One of the hardest things about working on a team is people. Missions is full of interesting people. Perhaps not normal people. Odd people. Awkward people. People with no people skills. Determined people. Pioneering people. Hard-nosed people. And among them are a few sweet people. They keep everyone else from killing each other, I think!
We've got some people on our team. Tough people to get along with. People who step on toes but have no awareness that they did. Even worse, if they were told, instead of reacting with gentleness, they react with anger. Difficult people.
Last week, inevitably, another conflict with one of these people. Sadly this is with a person who has not learned to bite his tongue when angry, so he inflicts large scale damage. It's been a rough week.

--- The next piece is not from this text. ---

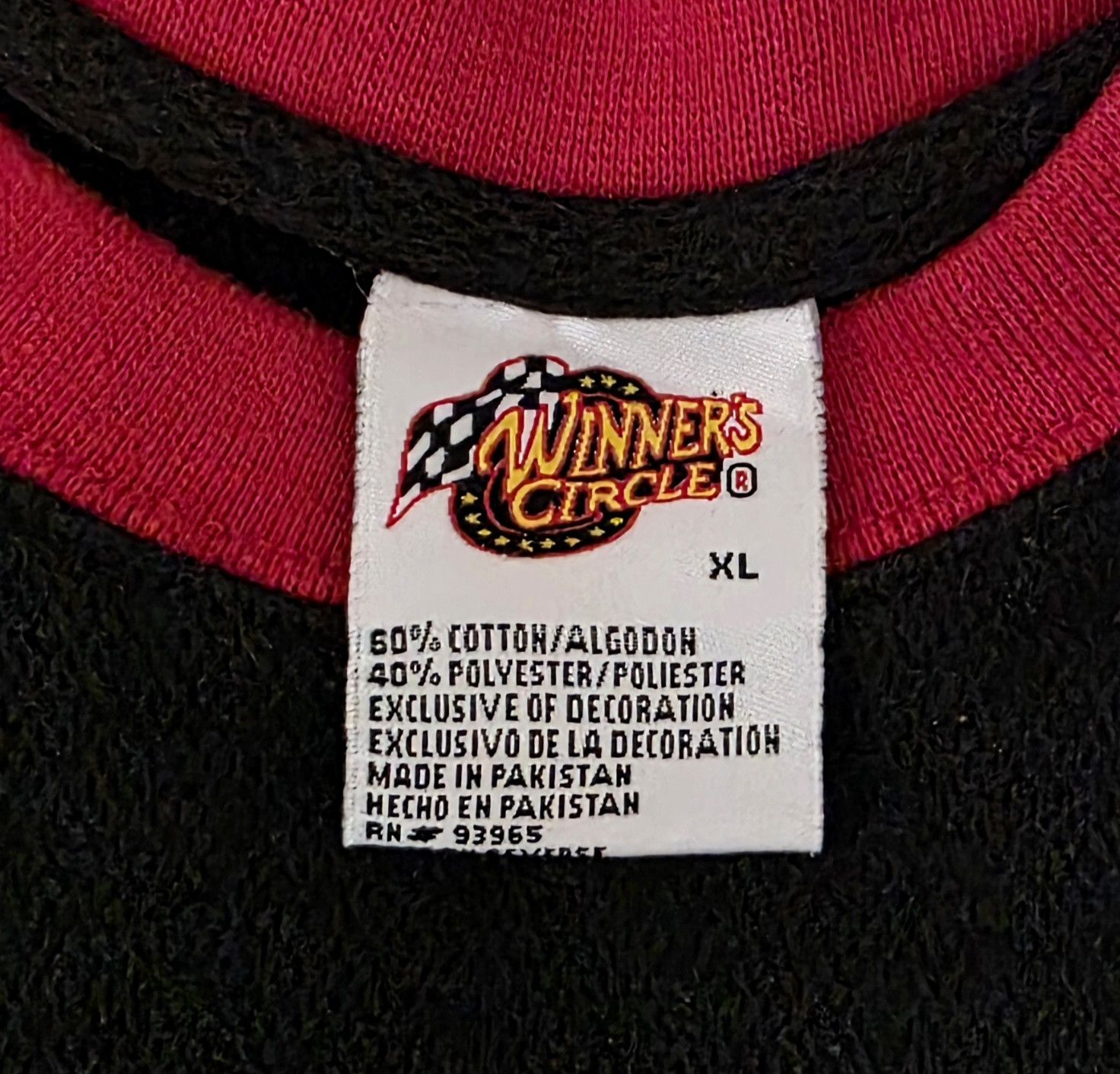 Winners Circle Vintage Dale Earnhardt Shirt XL Long Sleeve Winner's Circle Size US XL / EU 56 / 4 - 7 Thumbnail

The whole things started off with people who didn't respect basic boundaries. Nothing huge or scary, but really simple basic stuff that a normal-brained person would get, but sadly we seem to have a member of our team who doesn't get normal social graces. A request in light of his actions set another member of our team off on a jaunt into anger. That person is the one who fights dirty. There is no past in his anger. Everything is in the present, and every past detail is brought up and hurled back at people. It's tiring.

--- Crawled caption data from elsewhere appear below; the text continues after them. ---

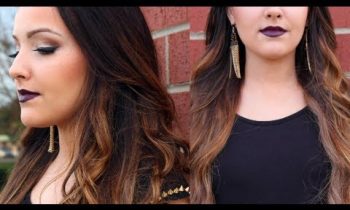 Vampy Fall Makeup Tutorial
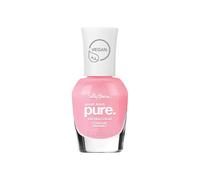 Esmalte de u as rosa de larga duraci n Sally Hansen Good.Kind.Pure. Just Bloom, 100 % vegano y sin colorantes.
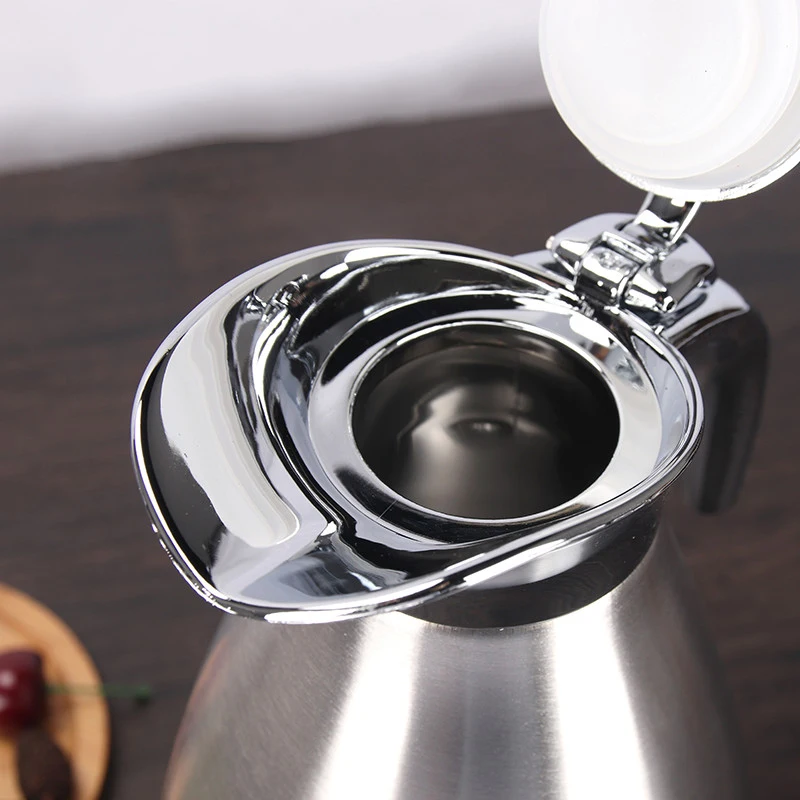 

Home Coffee Thermal Carafe Stainless Steel Double Walled Vacuum Water Carafe 2 Liter Insulated Coffee Tea Bottle Kitchen Items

I was closest to the eruption, so I bore the brunt of it, but I am not alone. I've watched the hurt in others eyes this week, too, heard the comments, the seething anger underneath. It's sad.
This is the stuff we don't write home about, right? We're missionaries, remember? We're supposed to be good, have it together, and get along. But I have a suspicion that we are not the only team with people on it - people with their problems. I just have the ability to write because I am anonymous.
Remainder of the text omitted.